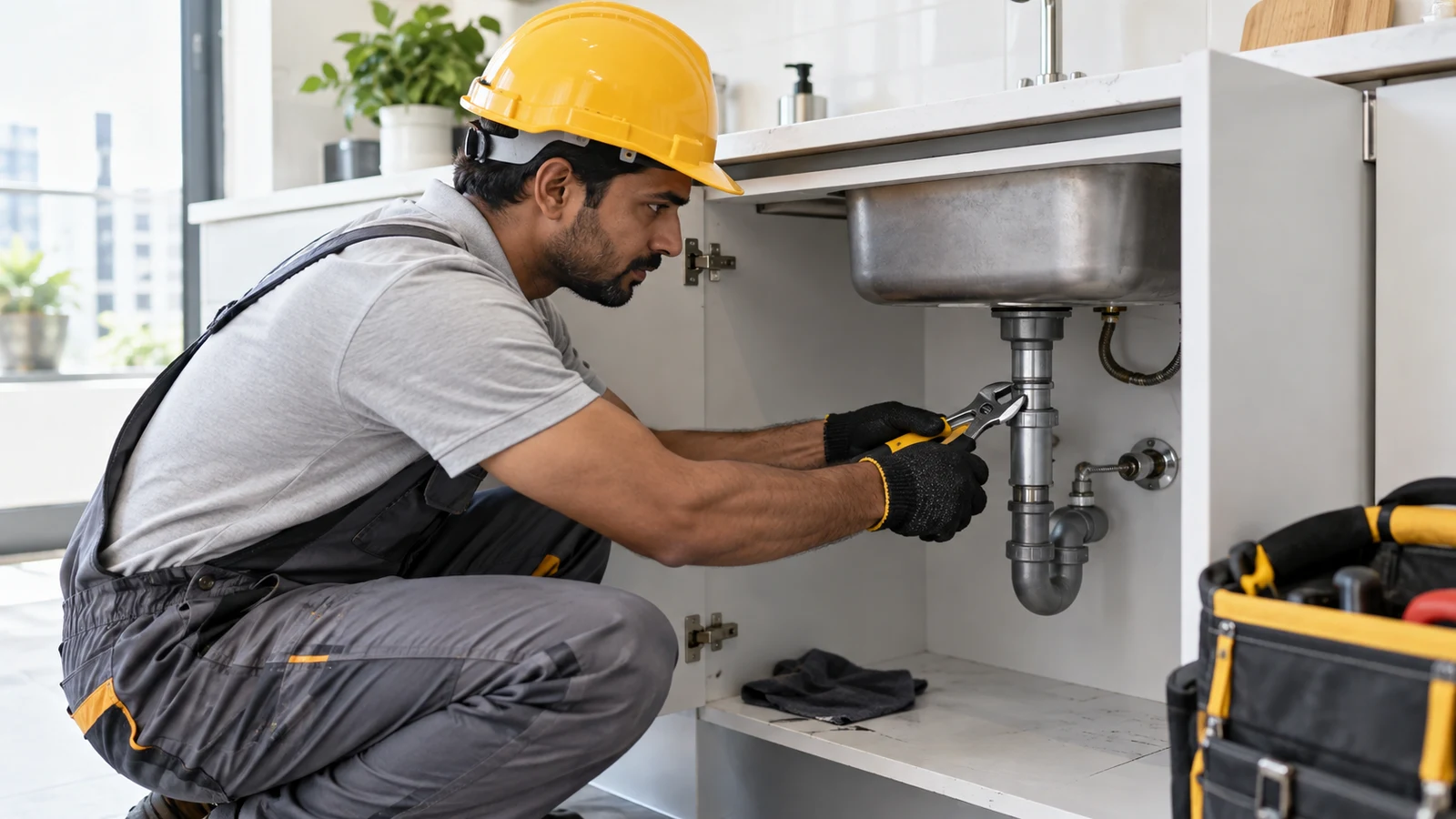 Plumbing maintenance service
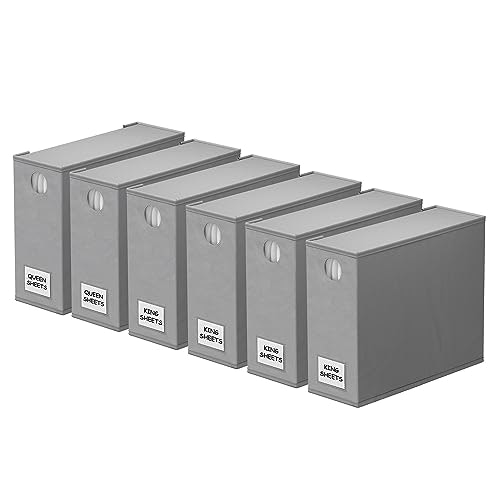 SpaceAid Bed Sheet Organizers 6-Pack: $30.57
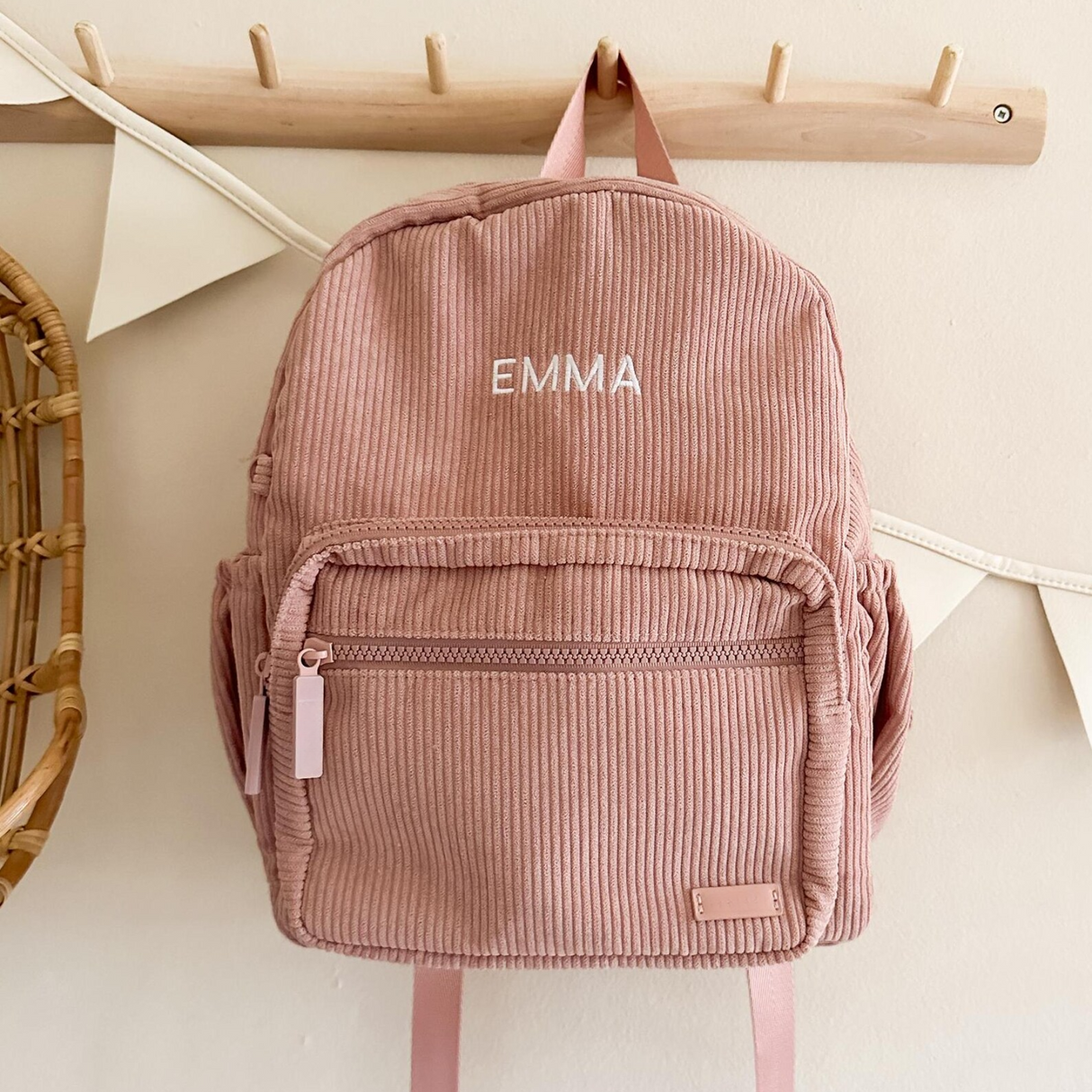 Personlig Manchester-Ryggsäck Hög kvalitet-Hemnix-Rosa-Hemnix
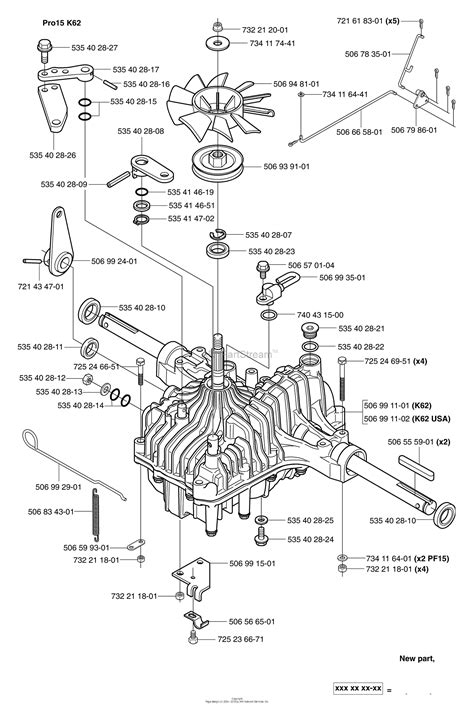 husqvarna rider pro    parts diagram  transmission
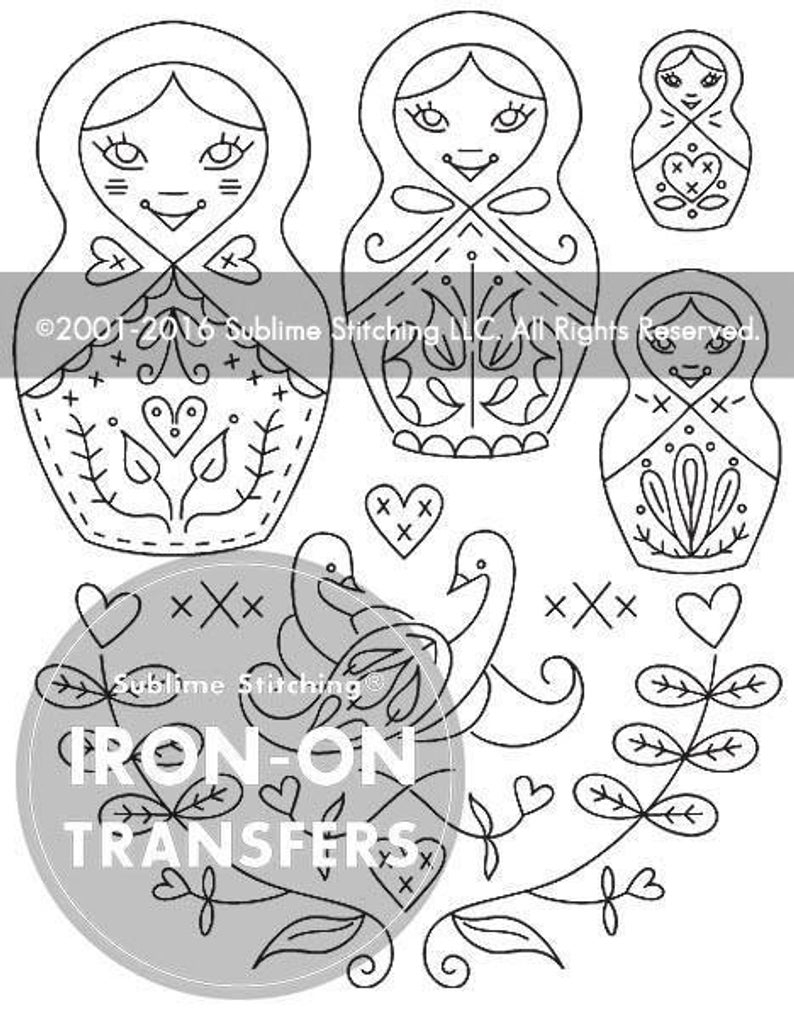 Transfer Patterns For Hand Embroidery Dutch Russian Iron On Hand Embroidery Transfer Patterns Modern Contemporary Designs Sublime Stitching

• _Exercise objective_
Without including any pictures, print each record exactly.

• _Written response_
 Plumbing maintenance service
 SpaceAid Bed Sheet Organizers 6-Pack: $30.57
 Personlig Manchester-Ryggsäck Hög kvalitet-Hemnix-Rosa-Hemnix
 husqvarna rider pro    parts diagram  transmission
 Transfer Patterns For Hand Embroidery Dutch Russian Iron On Hand Embroidery Transfer Patterns Modern Contemporary Designs Sublime Stitching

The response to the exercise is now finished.